_Task details_
Every line from the one containing "Thanks Mom Between" to the end of the data below should be copied exactly, but pictures should not.

[Image-caption web data]
---+---
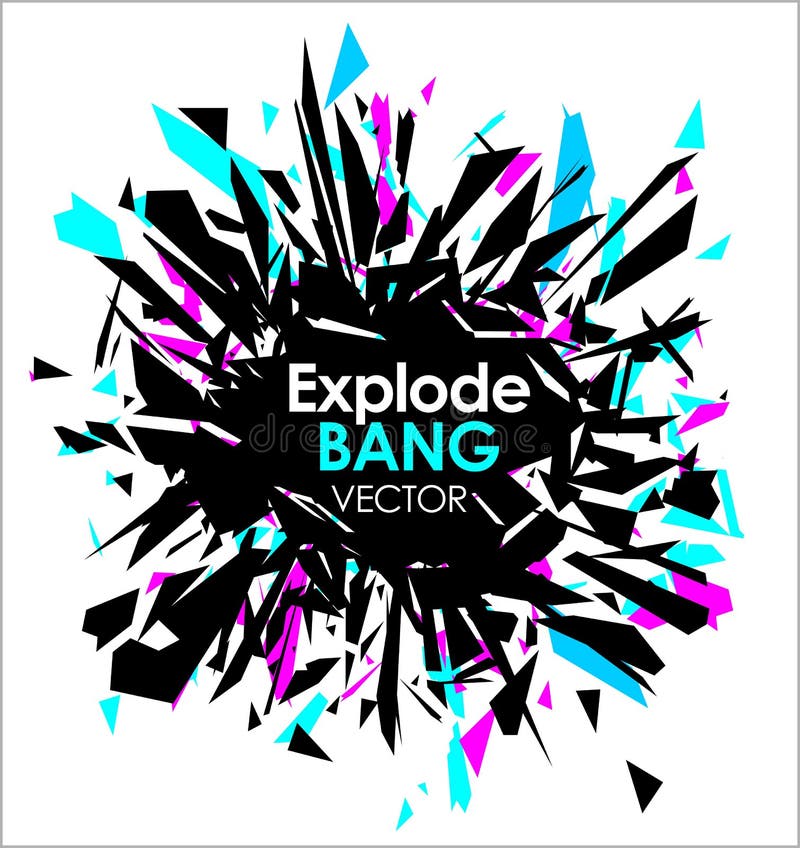 Abstract slow motion explode broken glass particle design element royalty free illustration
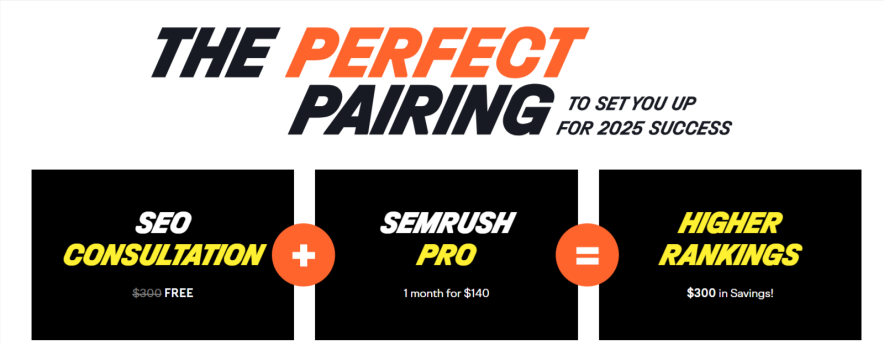 semrush deal Deal 1 - Get $300 Worth of Free SEO Consultation with Semrush Pro 1 Month Plan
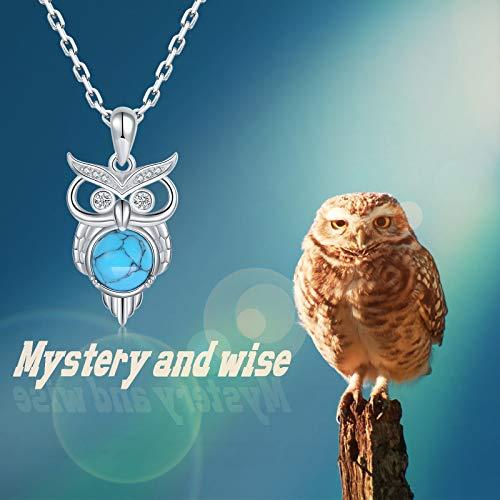 並行輸入品】925スターリングシルバー フクロウ ターコイズ ネックレス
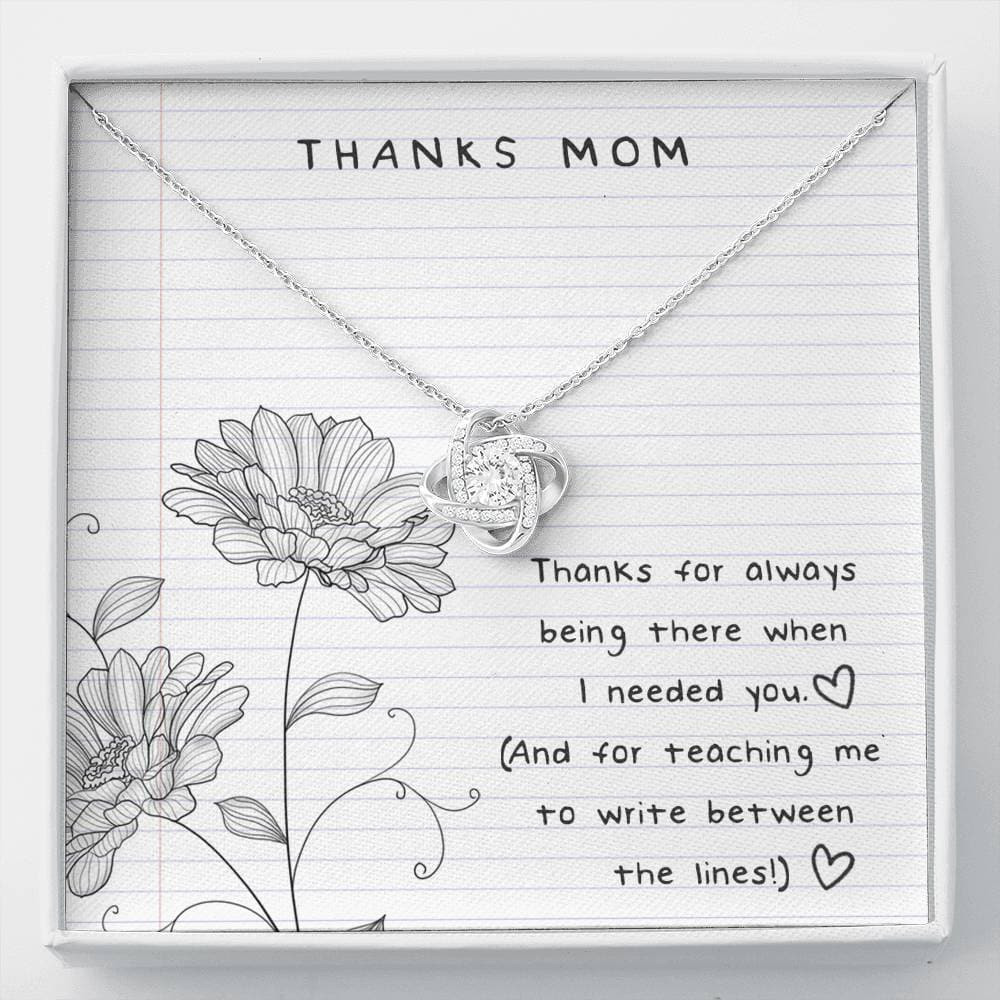 Thanks Mom Between the Lines Love Knot Necklace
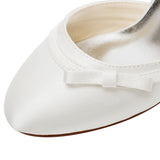 Wedding Shoes,Women's Satin Stiletto Heel Closed Toe Pumps With Buckle,L-585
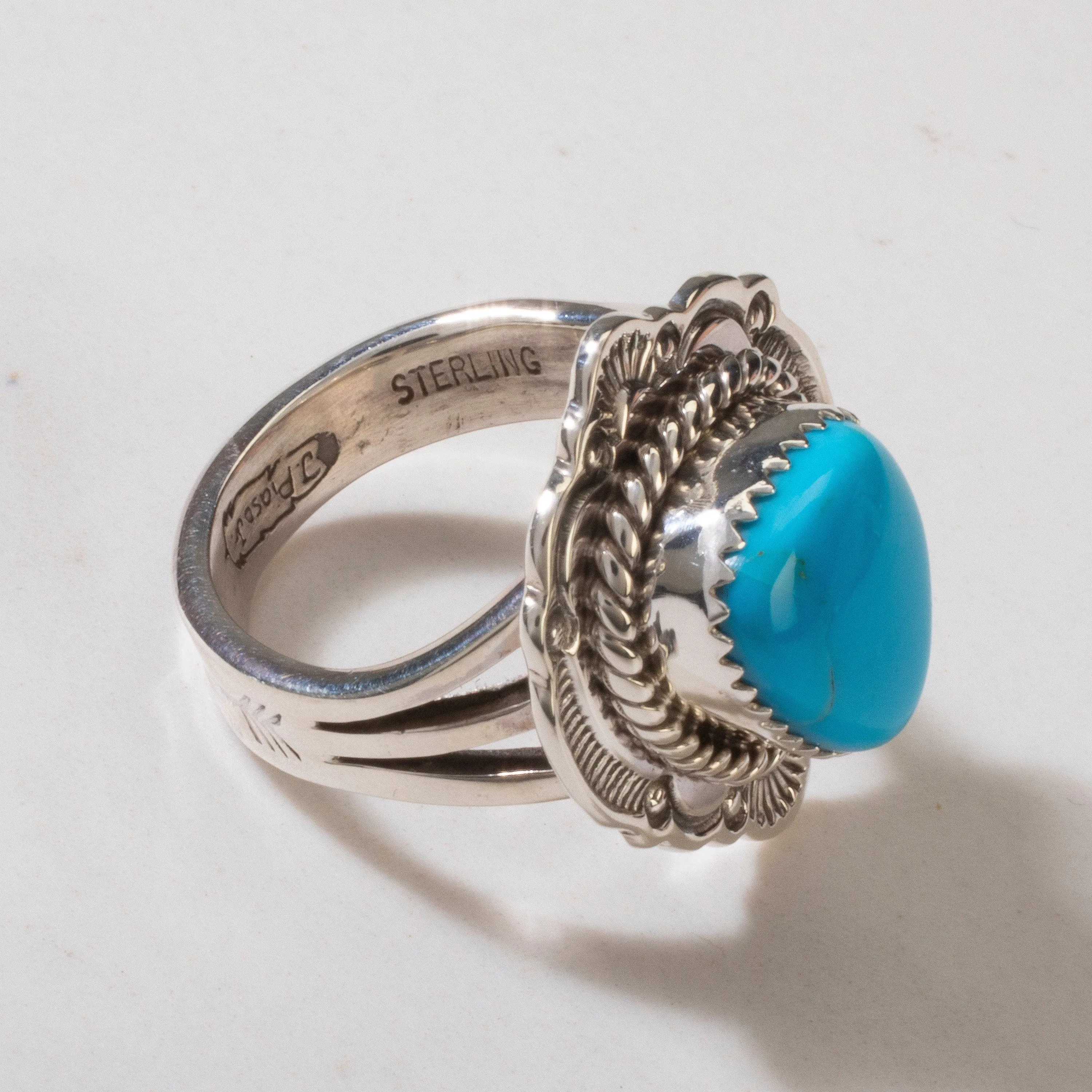 Joe Piaso Jr. Sleeping Beauty Turquoise Navajo USA Native American Made 925 Sterling Silver Ring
---+---
_Response to this task_
 Thanks Mom Between the Lines Love Knot Necklace
 Wedding Shoes,Women's Satin Stiletto Heel Closed Toe Pumps With Buckle,L-585
 Joe Piaso Jr. Sleeping Beauty Turquoise Navajo USA Native American Made 925 Sterling Silver Ring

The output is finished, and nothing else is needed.